Given records:
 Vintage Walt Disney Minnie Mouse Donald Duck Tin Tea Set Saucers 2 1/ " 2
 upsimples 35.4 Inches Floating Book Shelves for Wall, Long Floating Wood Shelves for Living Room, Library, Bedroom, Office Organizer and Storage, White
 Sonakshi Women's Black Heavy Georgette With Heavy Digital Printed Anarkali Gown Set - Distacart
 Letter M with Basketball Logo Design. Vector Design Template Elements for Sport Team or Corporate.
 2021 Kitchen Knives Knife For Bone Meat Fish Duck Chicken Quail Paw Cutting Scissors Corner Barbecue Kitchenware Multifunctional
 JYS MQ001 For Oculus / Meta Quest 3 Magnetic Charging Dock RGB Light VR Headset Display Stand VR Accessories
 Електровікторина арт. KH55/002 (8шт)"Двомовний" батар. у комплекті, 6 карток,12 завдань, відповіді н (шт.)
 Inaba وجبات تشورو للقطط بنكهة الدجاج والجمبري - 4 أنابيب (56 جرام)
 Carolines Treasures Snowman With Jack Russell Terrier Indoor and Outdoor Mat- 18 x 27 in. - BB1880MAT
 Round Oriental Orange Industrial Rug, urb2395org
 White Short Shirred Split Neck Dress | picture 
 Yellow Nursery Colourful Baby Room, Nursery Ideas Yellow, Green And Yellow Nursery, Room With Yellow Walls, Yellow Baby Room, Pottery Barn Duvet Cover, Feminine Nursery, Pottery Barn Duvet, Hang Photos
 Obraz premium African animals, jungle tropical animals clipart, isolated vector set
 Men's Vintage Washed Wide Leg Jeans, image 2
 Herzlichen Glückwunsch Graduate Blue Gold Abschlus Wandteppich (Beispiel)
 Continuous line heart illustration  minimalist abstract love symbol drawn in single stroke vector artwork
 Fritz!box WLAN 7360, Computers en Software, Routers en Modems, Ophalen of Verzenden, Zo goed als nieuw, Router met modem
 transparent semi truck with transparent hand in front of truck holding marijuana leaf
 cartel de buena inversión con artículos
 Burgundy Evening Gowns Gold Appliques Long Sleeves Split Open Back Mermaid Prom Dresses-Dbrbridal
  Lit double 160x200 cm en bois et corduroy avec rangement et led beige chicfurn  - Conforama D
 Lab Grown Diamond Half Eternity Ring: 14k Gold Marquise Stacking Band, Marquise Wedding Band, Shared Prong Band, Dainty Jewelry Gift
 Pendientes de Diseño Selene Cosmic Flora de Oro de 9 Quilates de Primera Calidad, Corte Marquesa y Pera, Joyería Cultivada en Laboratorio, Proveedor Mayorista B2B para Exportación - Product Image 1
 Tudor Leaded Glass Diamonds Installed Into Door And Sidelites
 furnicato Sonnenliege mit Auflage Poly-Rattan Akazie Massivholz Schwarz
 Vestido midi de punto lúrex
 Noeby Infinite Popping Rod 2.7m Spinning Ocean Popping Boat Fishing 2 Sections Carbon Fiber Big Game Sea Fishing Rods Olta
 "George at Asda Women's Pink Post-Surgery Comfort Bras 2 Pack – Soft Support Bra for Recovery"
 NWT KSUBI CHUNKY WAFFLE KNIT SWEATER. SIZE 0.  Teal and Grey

What is needed: Begin at the first line of the records above and quote every line verbatim through the one that contains "Електровікторина арт. KH55/002".

Solution to this exercise:
 Vintage Walt Disney Minnie Mouse Donald Duck Tin Tea Set Saucers 2 1/ " 2
 upsimples 35.4 Inches Floating Book Shelves for Wall, Long Floating Wood Shelves for Living Room, Library, Bedroom, Office Organizer and Storage, White
 Sonakshi Women's Black Heavy Georgette With Heavy Digital Printed Anarkali Gown Set - Distacart
 Letter M with Basketball Logo Design. Vector Design Template Elements for Sport Team or Corporate.
 2021 Kitchen Knives Knife For Bone Meat Fish Duck Chicken Quail Paw Cutting Scissors Corner Barbecue Kitchenware Multifunctional
 JYS MQ001 For Oculus / Meta Quest 3 Magnetic Charging Dock RGB Light VR Headset Display Stand VR Accessories
 Електровікторина арт. KH55/002 (8шт)"Двомовний" батар. у комплекті, 6 карток,12 завдань, відповіді н (шт.)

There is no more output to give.